For instance, the Ceann Comhairle decides before the order of business what questions of “urgent national importance” are allowed to be discussed on the floor of the Dáil.

It is disquieting then that the very integrity of the Ceann Comhairle has been placed under such scrutiny over the past two months. Some €126,000 in foreign travel bills over two years, which includes the €1,400-a-day chauffeur to ferry him around Cheltenham, have become lightning rods for an angry public on how utterly out of the touch the body politic has become.

O’Donoghue’s statement yesterday to members of the Dáil demonstrates what is wrong with Irish public life.

It is an example of how normal became to be defined.

The inuring of expenses are invariably described as a “standard and common feature of holding such offices”, “well-established procedures”, “standard practice”, “this has been the case for decades”, and as “legitimate and in accordance with the Department of Finance guidelines”.

O’Donoghue’s three-page statement was a justification of how normal the overindulgence in public money had become.

The very fact that he addressed the letter to members of the Dáil, and not the public, is a measure of just how removed and distant the political class has become.

He must win the public’s confidence, not just that of his peers, if he wishes to remain in office.

The extent of O’Donoghue’s unorthodox largesse at the taxpayer’s expense may indeed be no different than many of his ministerial colleagues at the height of the Celtic Tiger. But that does not make it right.

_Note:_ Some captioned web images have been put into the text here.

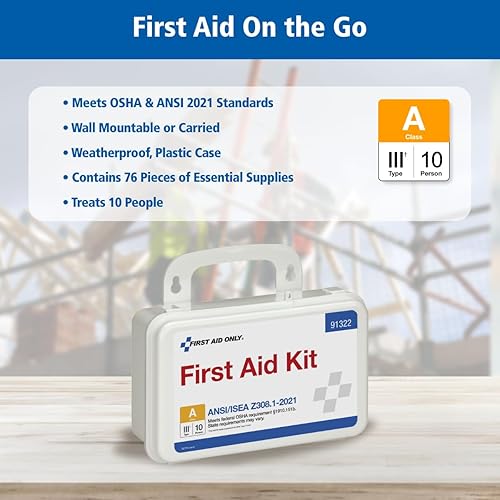 Miniatura 4 de First Aid Only 91322 ANSI A 2021 y kit de primeros auxilios que cumple con OSHA, kit de primeros auxilios de emergencia para 10 personas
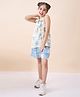 StyloBug Rayon Woven Sleeveless Floral Printed Knot Detailed Top & Shorts Set - Blue
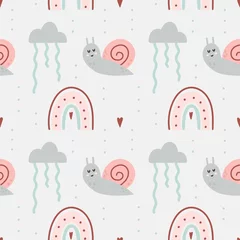 Peel and stick wallpaper Rainbow Cute snails seamless pattern. Hand dawn garden characters with botanical elements, pastel colors, baby decor, kids nursery and clothes. Decor textile, wrapping paper wallpaper vector print or fabric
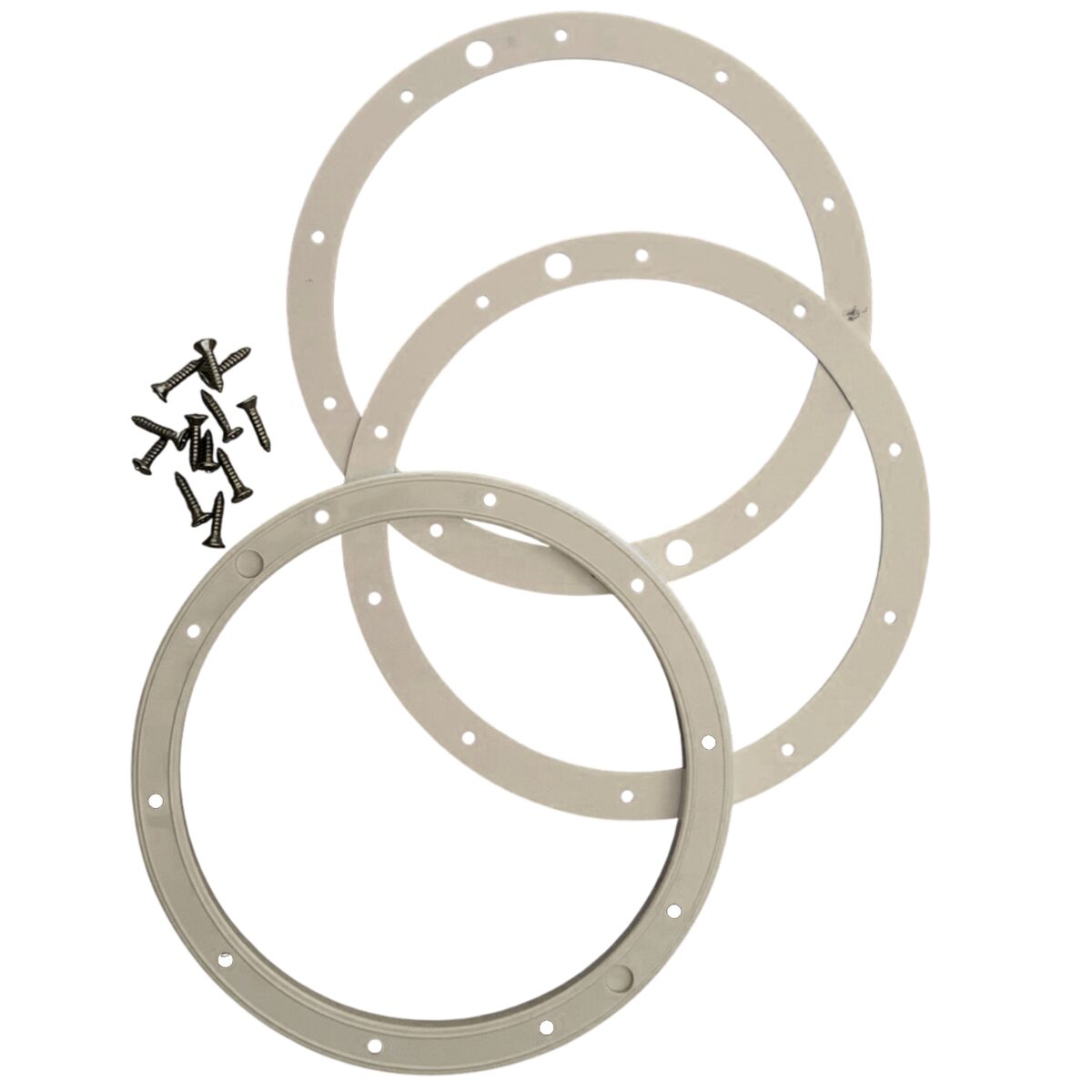 Kit composto da flangia guarnizioni e viti ricambio per faro subacqueo Elegance Weltico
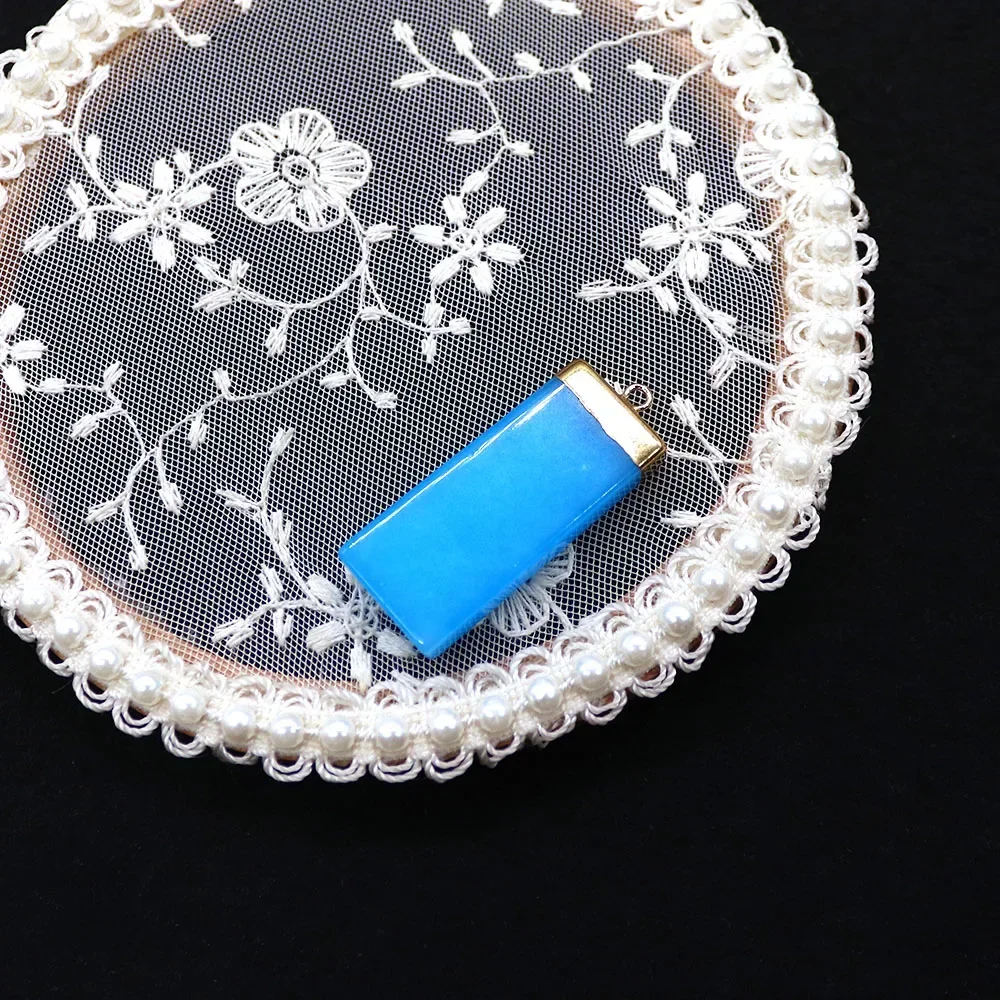 1pc Rectangular Natural Stone Crystal Turquoise Half-Wrapped Single-Hole Geometric Minimalist Pendant DIY Fashion Jewelry Gifts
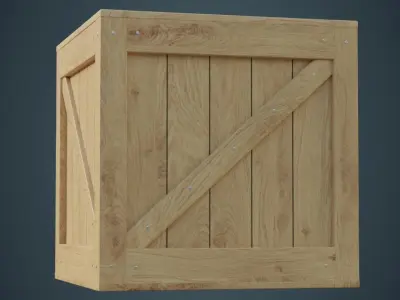 Wooden Box 1A Low-poly 3D model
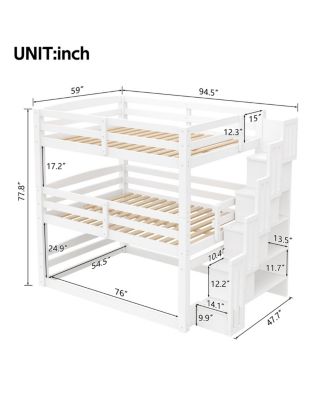 Full Size Triple Bunk Bed with Storage Staircase, Separate Design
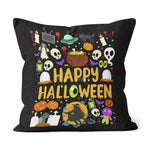 Halloween Pillow Halloween Happy Halloween Scary Ghost, Witches, Skull Black Cat Pumpkin Halloween Throw Pillows Canvas Throw Pillow - Scotstee Shop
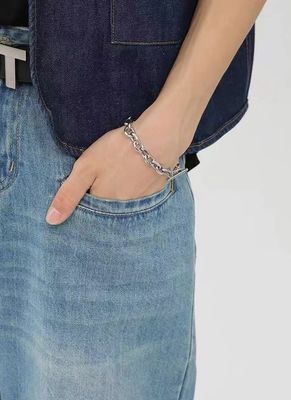 tessuto Polyester/Cotton Jeans blu rettilineo maschile con stampa digitale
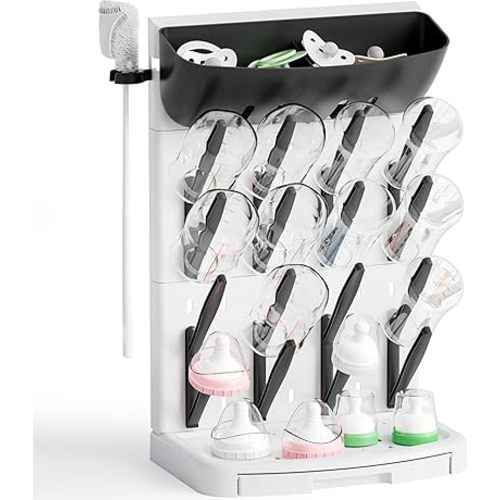 SuoXing Vertical Baby Bottle Drying Rack with Brush- Hold 16 Bottles - Large Breast Pump,Bottle Dryer Rack for Kitchen Countertop,Space Saving Bottle Stand Holder for Pacifiers,Pump Accessories,Black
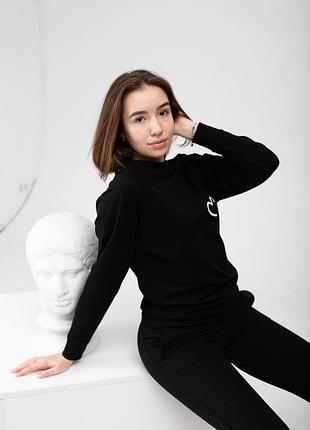 Костюм спортивний жіночий з принтом серце xs s m l(42 44 46 48) трикотажний чорний...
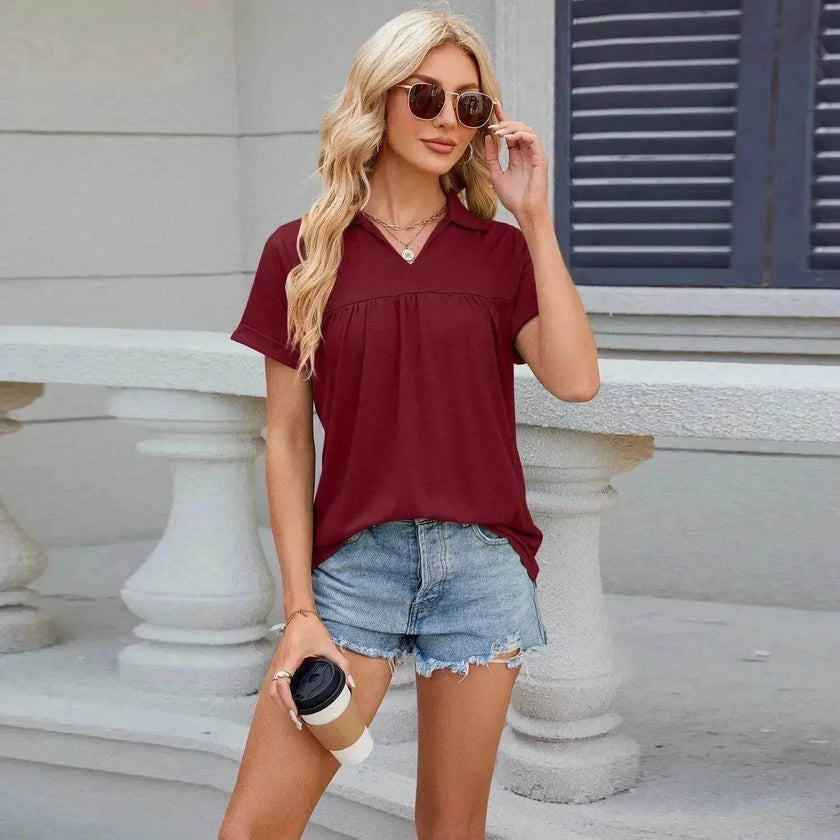 Solid Color V-neck Lapel Short-sleeved Cotton Summer Loose polo shirt Top Women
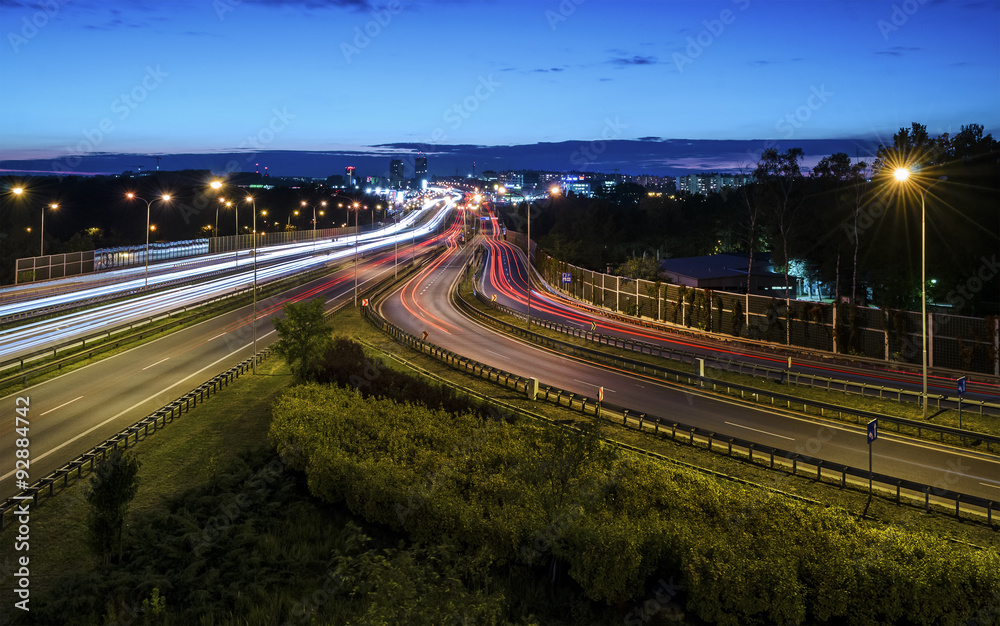 Fototapeta premium Freeway in Katowice in the evening.
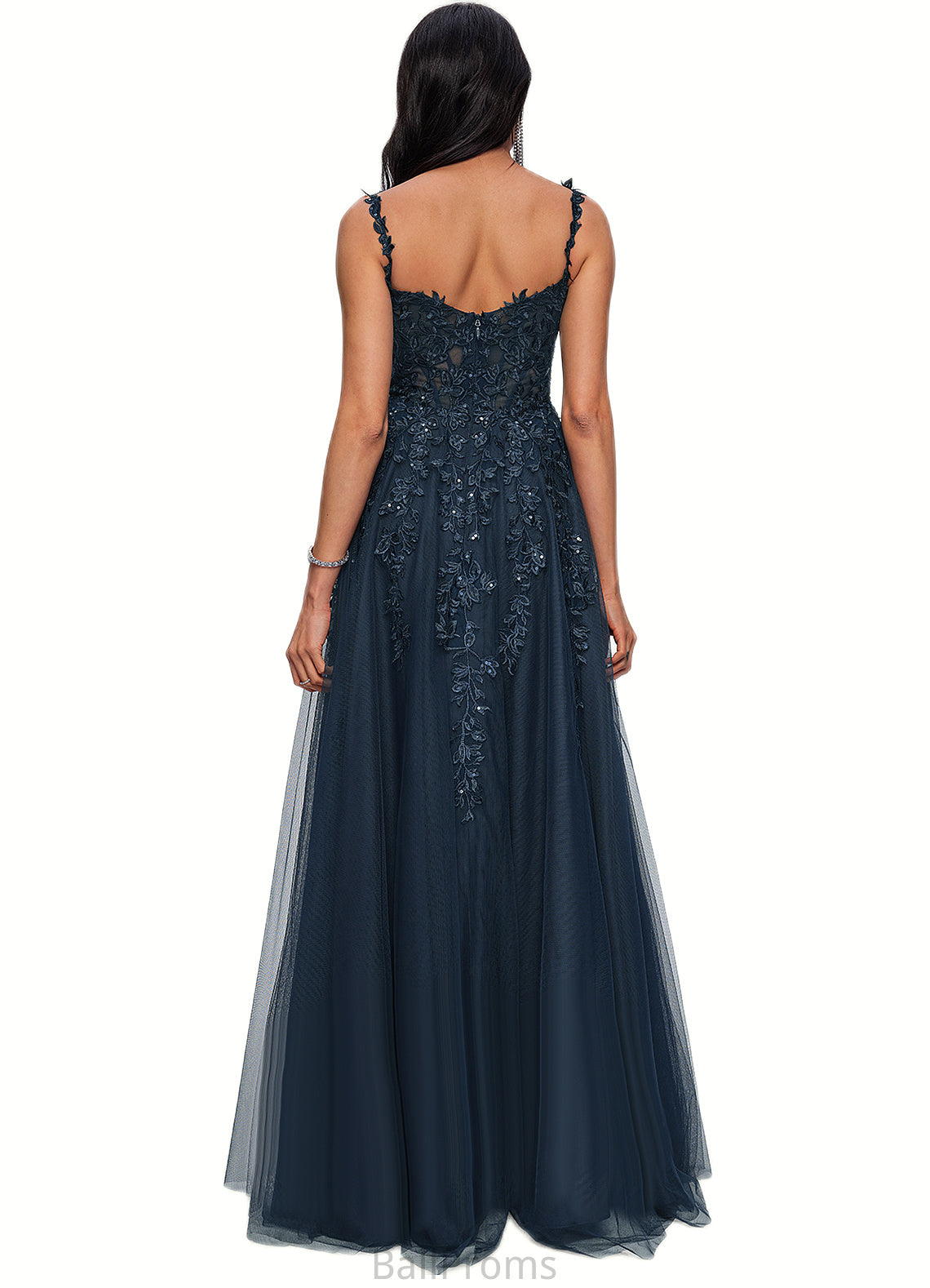 Mira A-line V-Neck Floor-Length Tulle Prom Dresses With Sequins HJP0022224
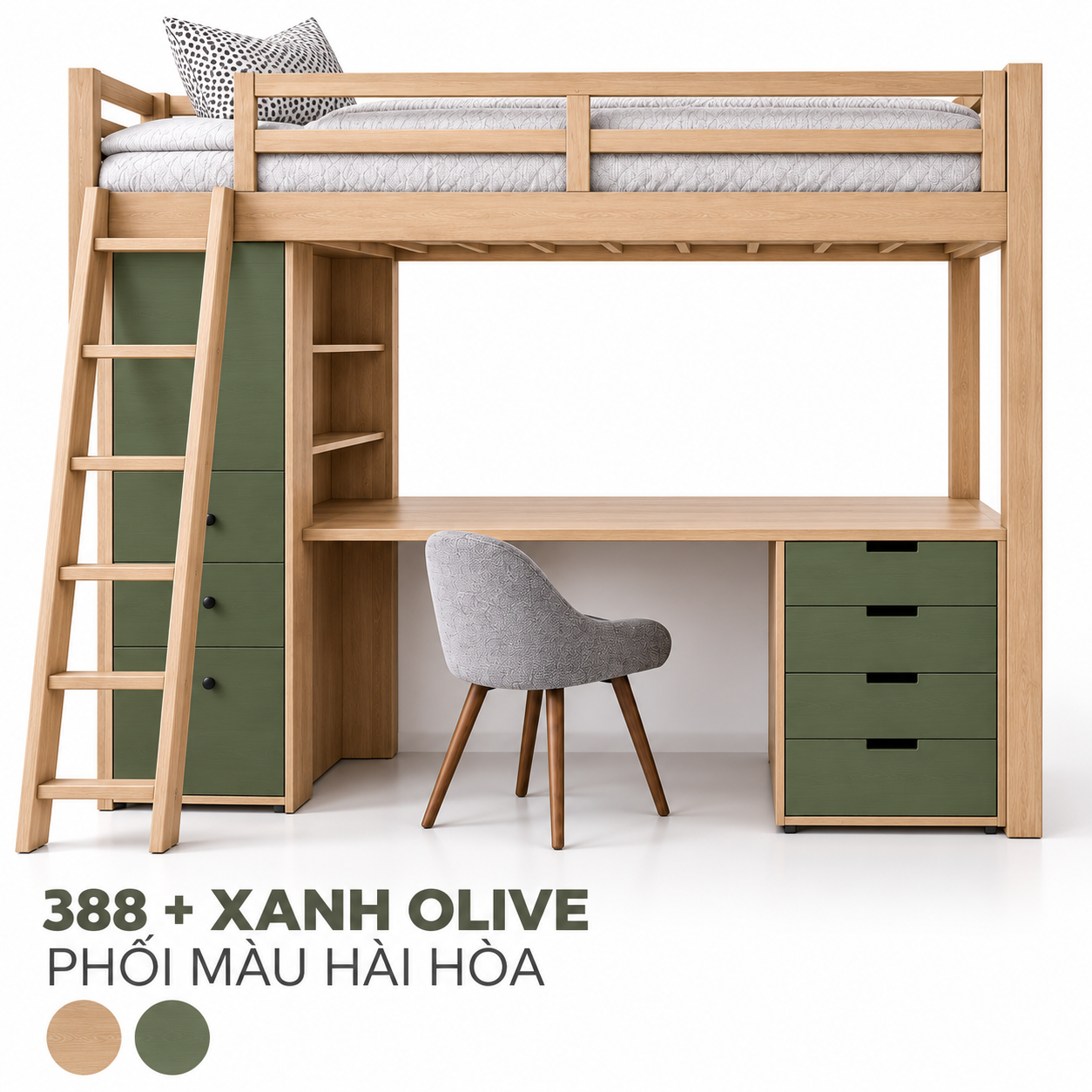 Giường gác bàn học GHS-9177 phối gỗ sáng và xanh olive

The CAG special report into Fás, published last week, also revealed how liberties with the public purse had become so normalised.

The CAG exotically describes the spending of €622,000 into nothing as “nugatory expenditure”.

A further €600,000 was spent on TV advertising which was never broadcast and €9,200 for a car which was never delivered.

Former Fás director general Rody Molloy was the only person to take responsibility for the gross mismanagement of public funds.

Admitting responsibility is such a rare thing in public life that it is rewarded.

In Molloy’s case, his early retirement on full pension rights, not resignation, was complemented with a pension top-up golden handshake.

Nonetheless, the same Rody Molloy is still chairman of the Institute of Public Administration, the “national centre for the development of best practice in public administration and public management”.

Peter McLoone, chairman of Fás, told RTÉ’s Radio One’s This Week programme that the agency’s board were told twice by the Government to stay on rather than resign, despite damning reports from the Dáil Public Accounts Committee on Fás expenditure.

McLoone’s confirmation that the board will now resign merely reflects a transfer to new Fás structures currently being put in place.

The controversies of the past and the recent O’Donoghue and Fás incidents have much in common.

Ethical irregularities became defined as normal because they were officially endorsed in the knowledge of an absence of consequences.